Imagine Tropico (a Gathering of Developers release) in deep space with a host of unusual races stirring up problems.
The camera is touted as the toughest tool to control, but turns out to be quite easy. But the rest of the player controls take some getting used to – although the five tutorial lessons make it a tad easier to navigate through the game.
Yes, you will have to micromanage resources. And there are mission-based scenarios that will keep you on your toes. You can also enter a ‘sandbox’ mode that allows you to gently work your way through the program, learning without penalty, how to be the best space station administrator that you can be. C’mon Captain Sisko, the world, and the hope of the future ride on your decisions.
The campaign mode expands the administration concept beyond just the one station, and therein lays the real challenge. There are 10 missions that will challenge and intrigue – mostly due to the sterling graphical elements of the program. When it comes to the visual and audio elements, Startopia is right up there with the best of the civ games. This game is lovingly crafted, and it shows very clearly in the way the interface elements set up to the look of the various races and the operation of the station itself.
There is an added element to the program, a combat mode which, while it may intrigue some players, can be likened to the combat in other civ games. Sure, it can be taxing on resource management, but it is hardly instrumental to the core elements of the game.
There is a bevy of great characters that course throughout the game, making it ever intriguing and solid fun.
The game does feature multiplayer scenarios in which hosting players can set up the conditions for winning. The game can be played over TCP/IP, LAN or the Internet through the GameSpy site.
This game is rated for Teens due to some suggestive themes and animated violence.
Startopia is a solid product, full of the intrigue, diversity and management decisions that are the hallmark of terrific simulation games. There is humor, aside jokes, great graphics and audio, and solid gameplay elements in place. The missions may be nearsighted in regards to the time it takes to accomplish them, but the supporting factors, which allow for extended play, are great reasons to visit this out-of-this-world locale time and again.
The game only asks for 357 megs of hard-drive space, and installs quite quickly.
Some of the missions are rather simplistic, but the game – overall – features wonderful replayability, and somewhat seamless play.
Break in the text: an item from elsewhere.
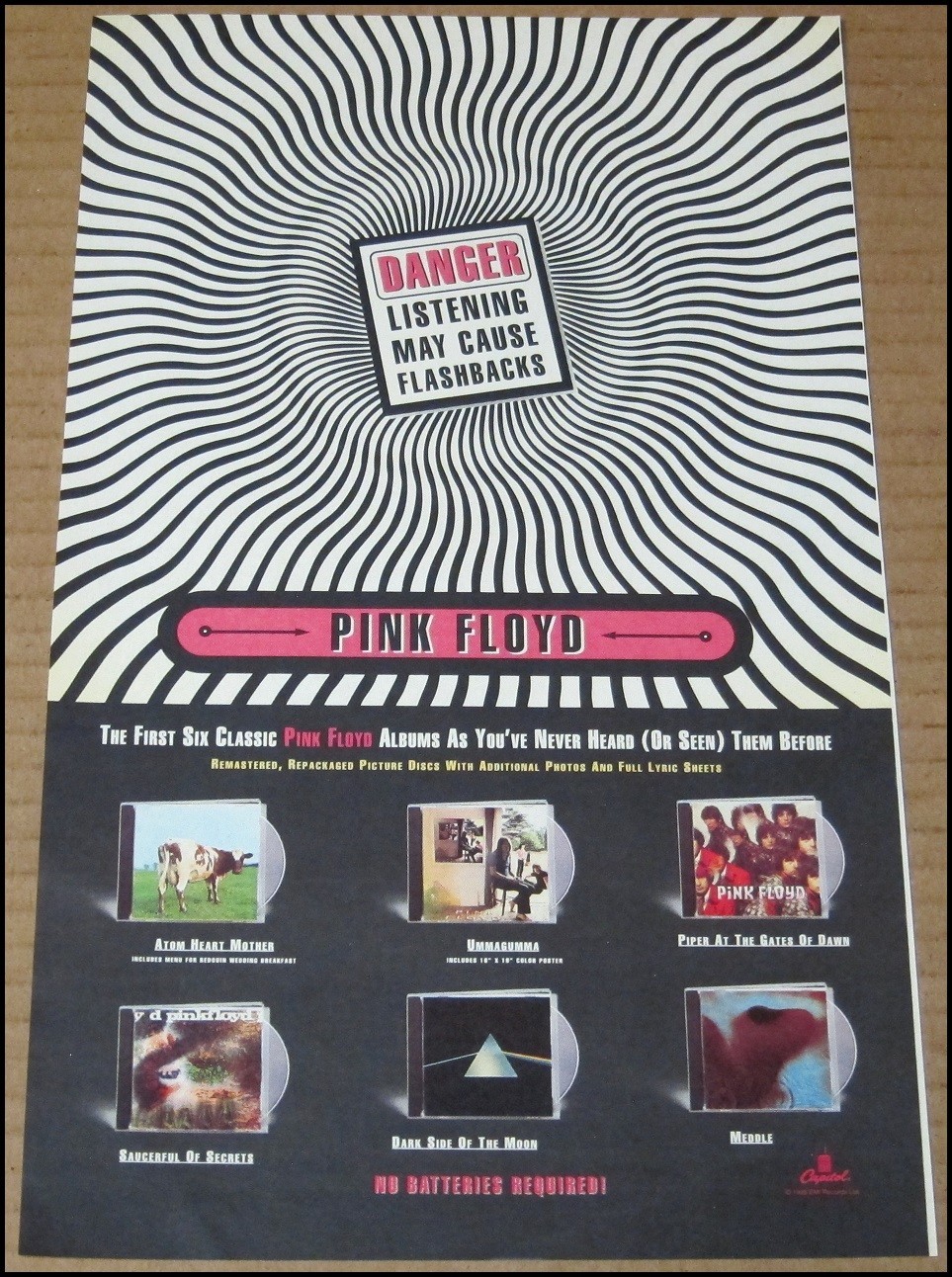1995 Pink Floyd Print Ad Album Advertisement 7"x12" The Dark Side of the Moon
Graphically, this is a wonderfully rendered product – from the alien races to the environment elements.
The programmers certainly had fun with this product, and that comes through clear with the vocal characterizations as well as the musical soundtrack.
The manual provides little in the way of solid help, but the tutorials give the basic information and play in the sandbox mode adds to the know-how of attempting to succeed at this game.
This is a refreshing breath of air into the genre, with original characters, humor and solid game play.
It was tough to get a solid read on the multiplayer aspects of this game, however all the elements are in place, with a solidly scripted group of win scenarios, to make this a good game.
The first things that will draw you into this world are the graphics and audio portions of the program. Once that bit of fluff becomes the ordinary, you will realize that this is a well-crafted game.